But the festival organizers see it as providing something more than monetary support. “This festival feels more like a way to get the community thinking about ways that everyone can come together to make Rochester a better place,” says Books. “It hopefully transcends money.”
The Dorothy Day House will be supported at the fest through donations, raffles (including one for a hand-painted guitar created by local tattoo artist Luke Austin), a spaghetti-eating contest, and the love that surrounds two stages hosting 12 musical acts, and a field full of local art vendors and small business owners.
“This year, we went for a rock-based festival,” says event coordinator Clay Ebertowski. “With hints of punk and indie, the lineup came together nicely.” Look for music in a variety of genres including Pat Egan, Sterling Haukom, Amanda Jay, Mike Terrill (a.k.a. Fires of Denmark), Greentop, Under the Pavilion, Twin Lakes, Absolute Brightness, Fall Risk, Breakthrough, The Shift, and The 9th Planet Out.

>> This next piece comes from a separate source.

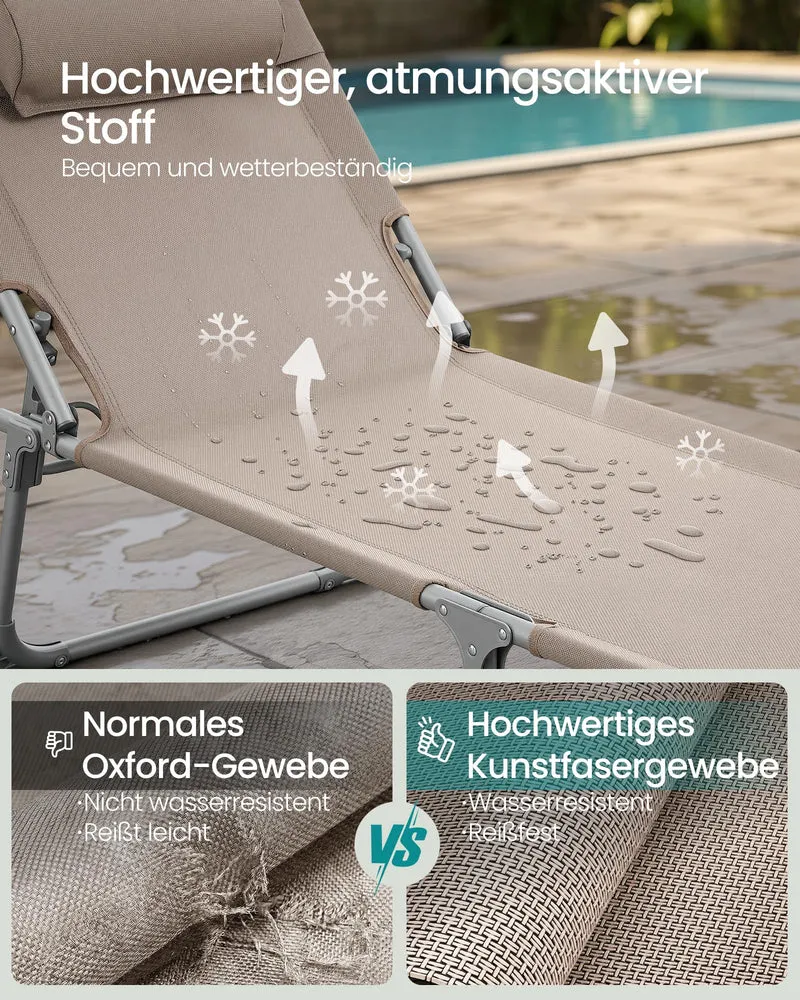 Sonnenliege, klappbarer Liegestuhl, 193 x 53 x 29 cm, trägt bis zu 150 kg, Sonnenschutz, Kopfkissen, verstellbare Rückenlehne, für Garten, Pool, Terrasse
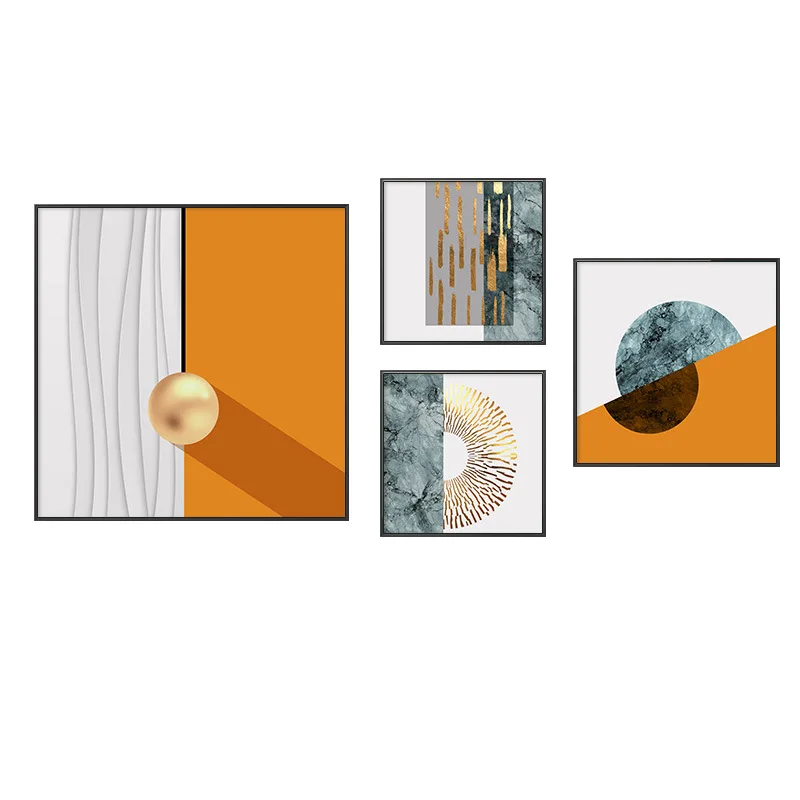 Abstract Burnt Black Gray Orange Wall Art Canvas Painting Nordic Minimalist One Line Drawing Posters Boho Prints Home Decor | Дом и сад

Local sponsors including Sacred Heart Studios, First Alliance, Christ United Methodist Church, Mill Creek Carpets, Gone Inc., Majestic Tents, and EQ Productions have been invaluable in making the fest—something that began as a dream shared by two brothers and a best friend—a reality. In part, the sponsors make it possible to pay all of the local musicians. “Musicians are an invaluable part of making such a special event happen,” says Books. “They deserve it.”
Besides supporting a tremendous cause with local art and music, Foster Fest will also host food trucks, craft vendors, a shaved ice stand, and the potential to play at the water park. As Books puts it, the fest is “the real thing…organized by Rochester people to show this community the power in grassroots music and arts communities.”